Dearest Brothers and Sisters,
For almost three and a half years, it has been my deepest honor and pleasure to love and serve you in Christ’s name as your pastor. These have been, by a long shot, the happiest years of my life. Never have I fallen so deeply in love with a congregation and a city. My wife has repeatedly thanked me for bringing us to Kalamazoo with this ministry. Her ministry has blossomed in this place every bit as much as mine has. Our children have grown from toddling pre-schoolers into budding leaders of the future. As pastor and congregation, we have laughed and cried together. We have worked and played together. We have opened the Scriptures and prayed together. We have served and been served by each other in the Eucharist. We have faced challenges and made bold decisions together for the cause of Christ’s kingdom of heaven on earth. We have borne each other up on the wings of faith, hope, and love. And we have eaten… oh my goodness, have we eaten!
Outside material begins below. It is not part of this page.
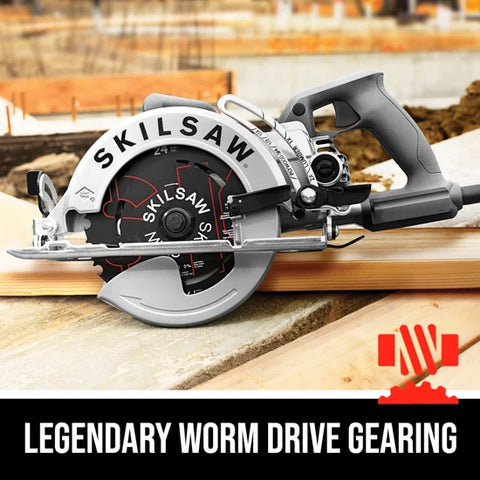 SKIL SPT77W-01 7-1/4" Worm Drive Saw SKILSAW Blade - Ace Tool Group - Skil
The past eighteen months have been particularly challenging for us as a congregation. As members have moved away, grants have been cut, and financial reserves depleted, we have had to face hard truths about the reality of our limitations. You made a huge sacrifice last year as we relocated out of our beloved building. At the same time, my family and I sacrificed a significant portion of our income as my job was taken from full-time to part-time status. The year has been difficult for my family as we have eaten through our savings to stay afloat. All of this has been for the sake of the mission of the Church, and it has been worthwhile. North Church at the beginning of 2017 is in much better shape than it was when I arrived three and half years ago. We have accomplished so much together.
We have not been alone in this struggle, either. Our presbytery has been a supportive and listening partner with us throughout the discernment and transition process, even as they themselves have faced financial difficulties even more drastic than our own. In 2016, there was an $80,000 shortfall in shared mission giving from congregations to the presbytery. This is the same fund from which North Church receives $20,000 annually as a Mission Covenant Partner. As a result of this shortfall, the presbytery needs to make certain adjustments to its own spending. I was informed by the trustees last summer that this adjustment would include the support we receive from them. Beginning this year, our grant will be gradually reduced to a level that the presbytery can sustain for the long term. We will still receive financial support, but it will be a mere fraction of what we have received in years past. Without this grant, North Church cannot sustain a pastoral position at three-quarter-time status.
This news has left me in the impossible position of having to choose between the two most important things in my life: my family and my church. I cannot, in good conscience, ask North to devote a higher and higher percentage of your increasingly limited resources to the pastor’s salary alone, but neither can my family afford to further reduce our income below what it already is. With my two-year designated pastor contract set to end in September, my wife and I decided, after much prayer and discussion, that I should begin to look for other work in 2017.
Based on anecdotal reports from the marketplace, we expected this search to take at least six to eight months. If I began to look in January, we might stand a better chance of being able to secure suitable employment by the time my contract ended in September. We were surprised when a full-time position suddenly opened up in Battle Creek. I applied, interviewed, and was offered the job last week. After discussing the matter further with my wife, we decided to accept the offer, even though it was coming much sooner than we had anticipated. My new employer has asked that I be available to start work at the beginning of March.
With the consultation and consent of our presbytery’s Committee on Ministry, I have asked the session to call a special meeting of the congregation next Sunday (February 12) for the purpose of requesting a dissolution of the pastoral relationship, effective February 28, 2017. My final Sunday as pastor will be Transfiguration Sunday, February 26.
What I most want to say to you in this moment that I love you all very much and I fervently believe in the mission of this congregation. A new job can never change that.
My new job is not a pastoral position. This means that I will be leaving ordained ministry for a while, probably several years, but I hope to one day return to it. My family and I will continue living in Kalamazoo, where my wife’s work and ministry is reaching ever-new heights and my children will continue to take full advantage of the many blessings this city has to offer.
I realize this announcement causes you great pain, as it does me. I also expect that you may have many questions in the coming days. I will be available in the coming weeks to answer those questions, to the best of my ability, and share your concerns. I hope to spend the coming days with you giving thanks to God for the good ministry we have done together as pastor and congregation. The leaders of our presbytery will also be present to accompany you into this new era. I look forward to hearing, in the coming years, about all the good things that God is continuing to do in the world through North Presbyterian Church!
And if you remember only one thing from my time with you, let it be this:
I love you, God loves you, and there’s nothing you can do about it!